DUBLIN, March 8 (Reuters) – Ireland’s central bank sees inflation growing at a slower than previously forecast 5% this year before falling towards 2% by 2025 when core inflation is expected to be higher than the headline rate.
Annual Irish inflation, as measured by the Harmonised Index of Consumer Prices (HICP), has fallen to 8% from a high of 9.6% last July, primarily due to lower energy prices but also slower growth in prices charged by the services sector.
The central bank on Wednesday cut its forecast for 2023 HICP growth from the 6.3% predicted in October and sees price growth slowing to 3.2% in 2024 and 2.2% in 2025, when core inflation of 2.6% would pass out the headline rate.
It added, however, that a significant amount of uncertainty remained around the precise path for inflation, and the extent to which underlying inflation measures will remain elevated.
The central bank also nudged up its forecast for domestic economic growth for 2023 after activity late last year and early this year was “somewhat stronger” than expected, while the global economic backdrop proved more benign.

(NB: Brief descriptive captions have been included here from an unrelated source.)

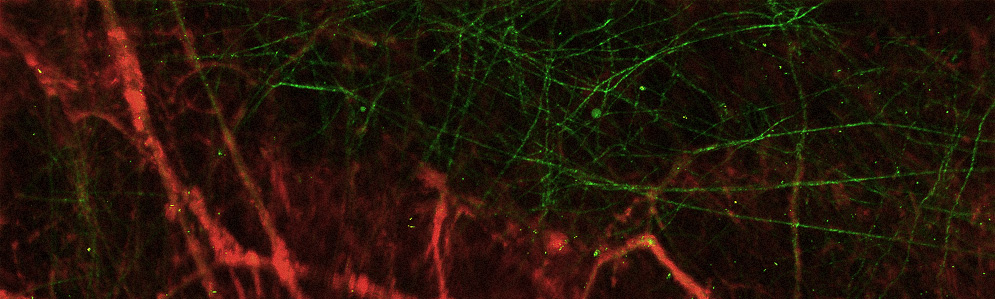 Tumor Vasculature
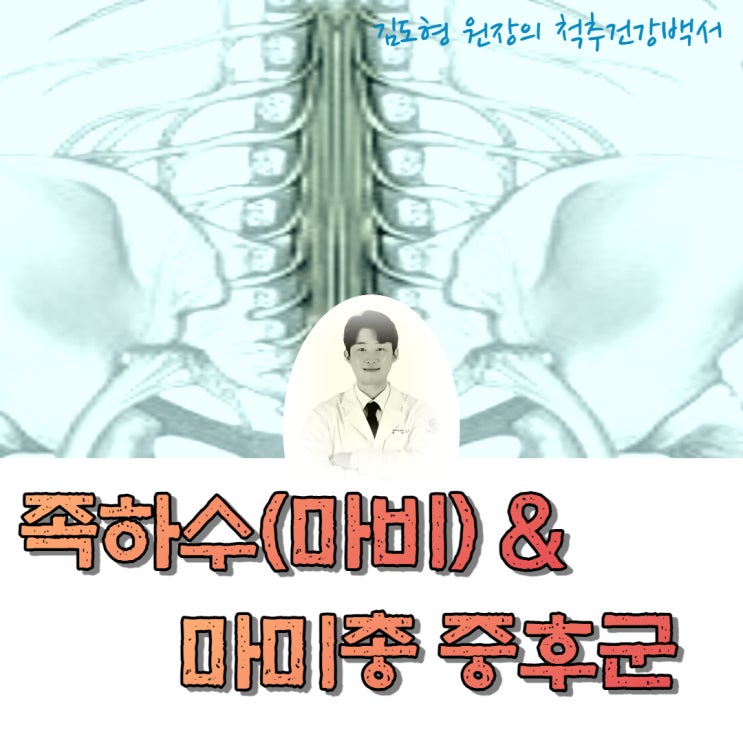 족하수, 마미총 증후군 이란? 마미총 증후군의 위험인자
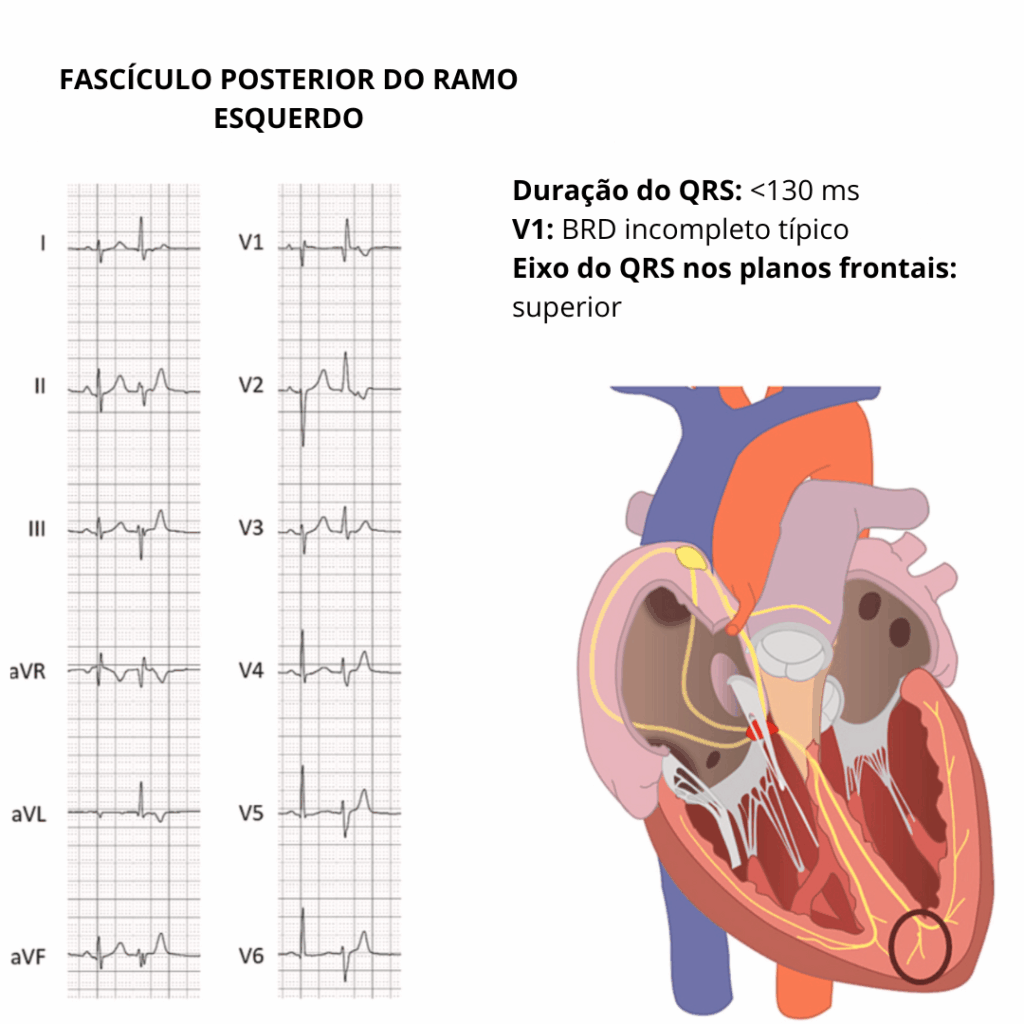 Eletrocardiograma apresentando extrassístole ventricular com QRS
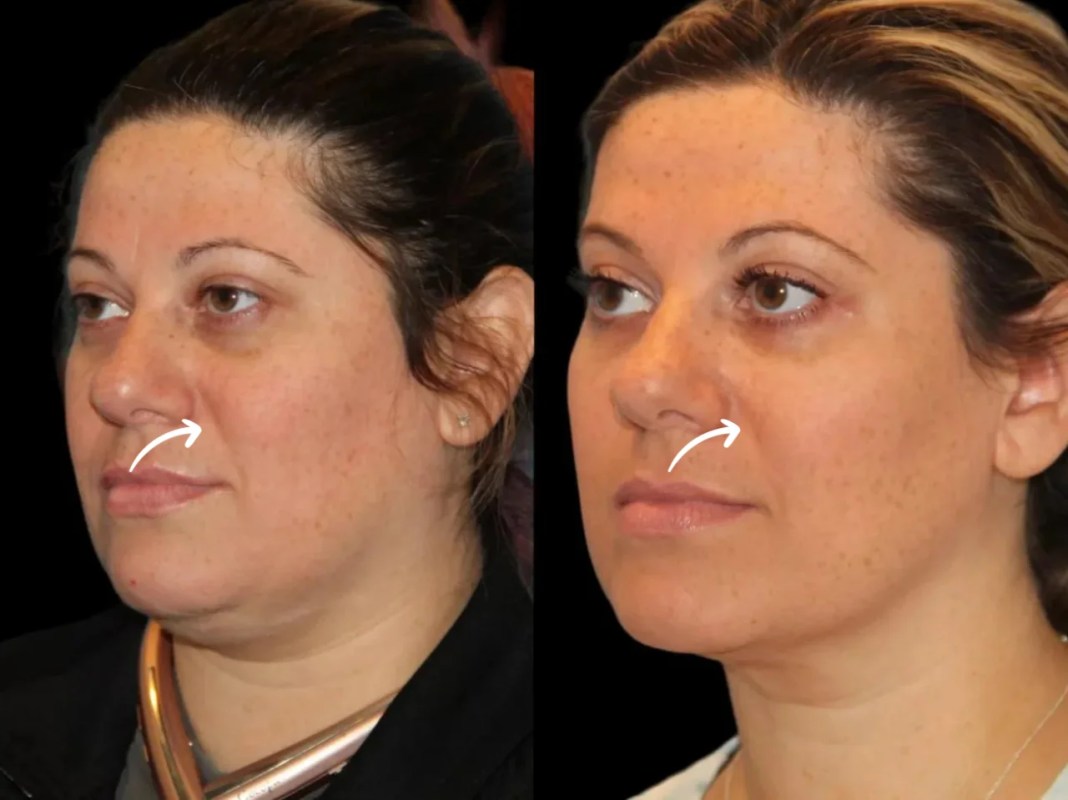 Sculptra Fillers Treatment in Dubai for Beach Season
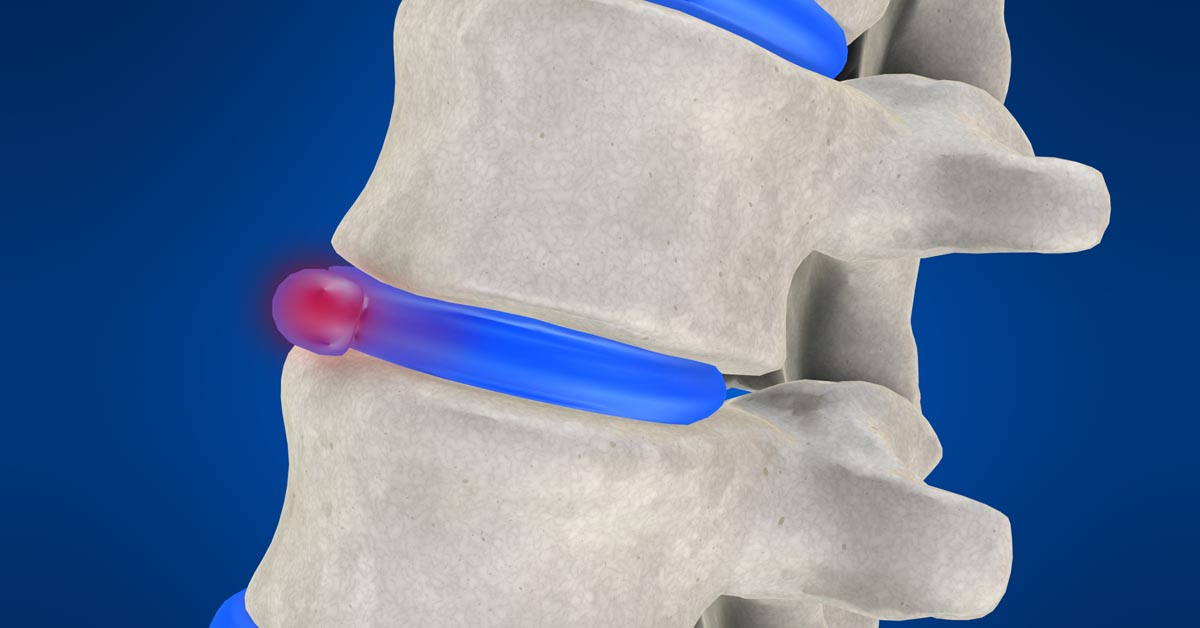 Burton, MI non-surgical disc herniation treatment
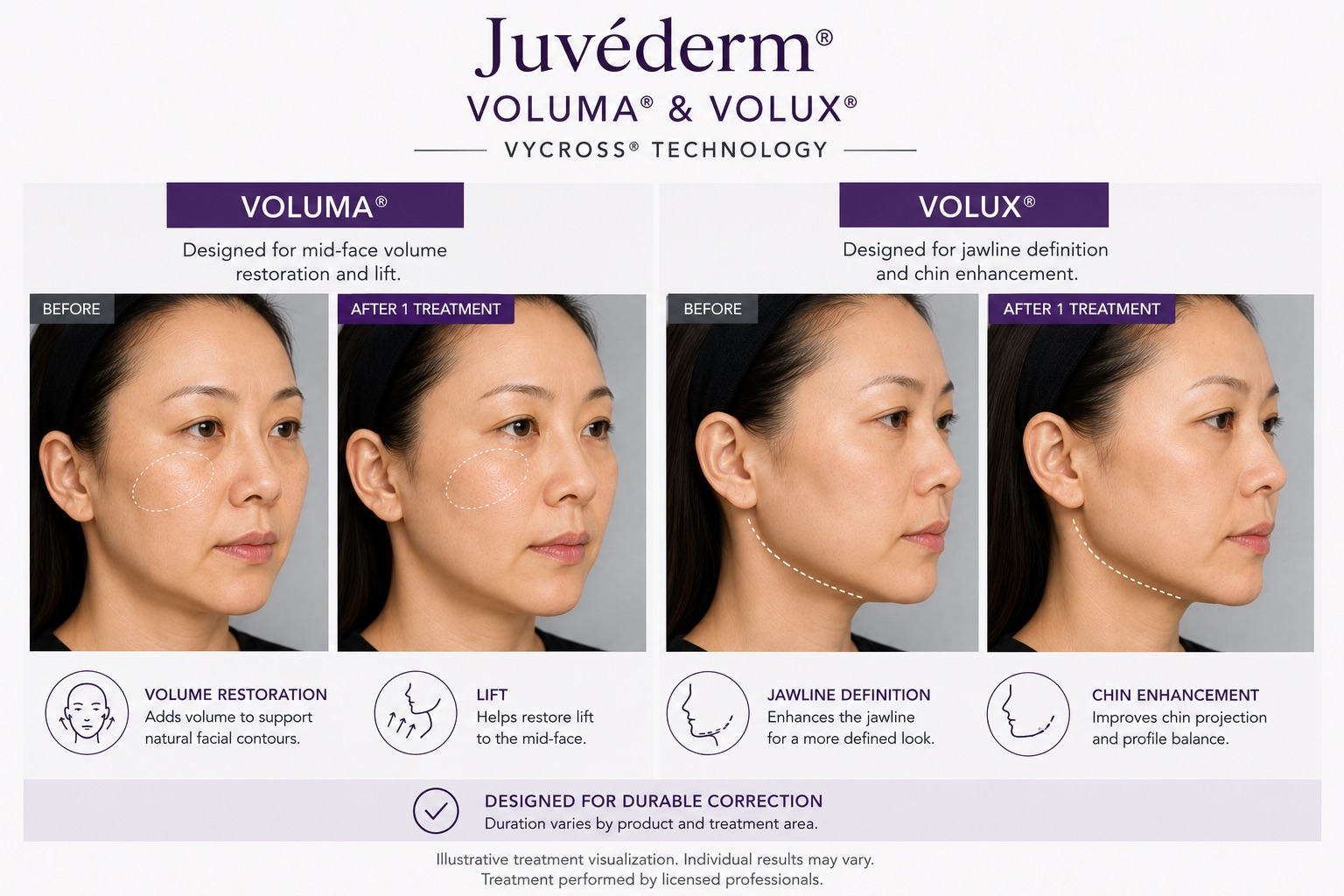 Before and After Juvéderm filler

Modified domestic demand (MDD), officials’ preferred measure of economic growth, is now forecast to rise by 3.1% this year after it expanded by 8.2% thanks to a post-lockdown investment boom last year.
While higher prices caused real average household disposable income to fall slightly in 2022, the bank now sees real incomes growing by more than 2% in each of the next two years, supporting consumer spending of more than twice that level.
The jobless rate is also set to remain near record lows for the next three years, spurring average wage growth of 6.5% this year that the bank expects to moderate to 3.3% in 2025 with no nascent sign of a wage-price spiral emerging.
After Ireland produced one of the few budget surpluses in Europe last year, the central bank significantly increased the degree to which that would increase. It sees a surplus of 2.7% of gross national income this year, rising to 4.8% or 15.8 billion euros in each of the following two years.